Horrifying PDF Experiments

Last modified on January 03, 2021

Contemporary: For further particulars about this hack and the contrivance through which it actually works, investigate cross-check
my speak at
!!con 2020, "Enjoying Breakout... interior a
PDF!!"

If you occur to should not viewing it appropriate now, attempt the
breakout.pdf file
in Chrome.

Like a lot of you, I in the slightest degree instances perception of PDF as principally a benign
format, the place the creator lays out some textual content and graphics, after which the
PDF sits in entrance of the reader and does not manufacture the rest. I heard
offhand about vulnerabilities in Adobe Reader years in the past, however did not
salvage too necessary about why or how they could perchance merely exist.

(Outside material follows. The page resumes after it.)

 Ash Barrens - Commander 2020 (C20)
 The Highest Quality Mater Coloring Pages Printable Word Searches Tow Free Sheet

That become as quickly as why Adobe made PDF earlier than each factor[^ps], however I salvage we now have
established that or not it's not reasonably merely anymore. The
1,310-web web page PDF specification (actually a actually clear and
attention-grabbing learn) specifies a weird amount of performance,
alongside facet:

  • Embedded Flash
  • Audio and video annotations
  • 3D object annotations (!)
  • Web bewitch metadata
  • Custom math capabilities (alongside facet a Turing-incomplete subset of
    PostScript
    )
  • Effectively off textual content kinds using a subset of XHTML and CSS
  • File and file-sequence attachments

however most curiously...

  • JavaScript scripting, using a
    totally various frequent library from the browser one

Granted, most PDF readers (furthermore Adobe Reader) produce not enforce most
of this stuff. Nonetheless Chrome does enforce JavaScript! If you occur to start a
PDF file fancy this one in Chrome, it will scuttle the scripts. I came across
this truth out after following
this weblog submit about be taught methods to salvage PDFs with JS.

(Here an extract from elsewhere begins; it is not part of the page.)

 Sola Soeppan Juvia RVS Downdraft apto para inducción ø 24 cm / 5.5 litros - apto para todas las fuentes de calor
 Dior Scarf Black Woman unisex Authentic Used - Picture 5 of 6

There is a bewitch, though. Chrome handiest implements a tiny subset of the
tall Acrobat JavaScript API floor. The API implementation in
Chrome's PDFium reader largely consists of
stubs fancy these:

FX_BOOL Doc::addAnnot(IJS_Contextcc,
                           const CJS_Parameters& params,
                           CJS_Value& vRet,
                           CFX_WideString& sError) {
  // No longer supported.
  return TRUE;
}
FX_BOOL Doc::addField(IJS_Contextcc,
                           const CJS_Parameters& params,
                           CJS_Value& vRet,
                           CFX_WideString& sError) {
  // No longer supported.
  return TRUE;
}
FX_BOOL Doc::exportAsText(IJS_Contextcc,
                               const CJS_Parameters& params,
                               CJS_Value& vRet,
                               CFX_WideString& sError) {
  // Unsafe, not supported.
  return TRUE;
}

And I understand their design again -- that custom-made Adobe JavaScript API has
a fully gigantic floor dwelling. Scripts can supposedly manufacture
issues fancy salvage arbitrary database connections,
detect related shows, import exterior sources, and
manipulate 3D objects.

So we now have this odd self-discipline in Chrome: we will manufacture arbitrary
computation, however we now have this extraordinary, constrained API floor, the place
or not it's tense to fabricate I/O and salvage data between this system and the
particular person.[^situation][^es6]

It will almost definitely effectively presumably merely be possible to embed a C compiler right into a PDF by compiling it
to JS with Emscripten, for example, however then your C compiler has to
seize enter via a ghastly-text salvage area and spit its output assist
via a salvage area.

[^ps]: In truth, I received interested in PDF a pair weeks in the past which functionality that of of
PostScript; I'd been studying these random Don Hopkins posts about
NeWS, the system supposedly fancy
AJAX however carried out within the 80s on PostScript.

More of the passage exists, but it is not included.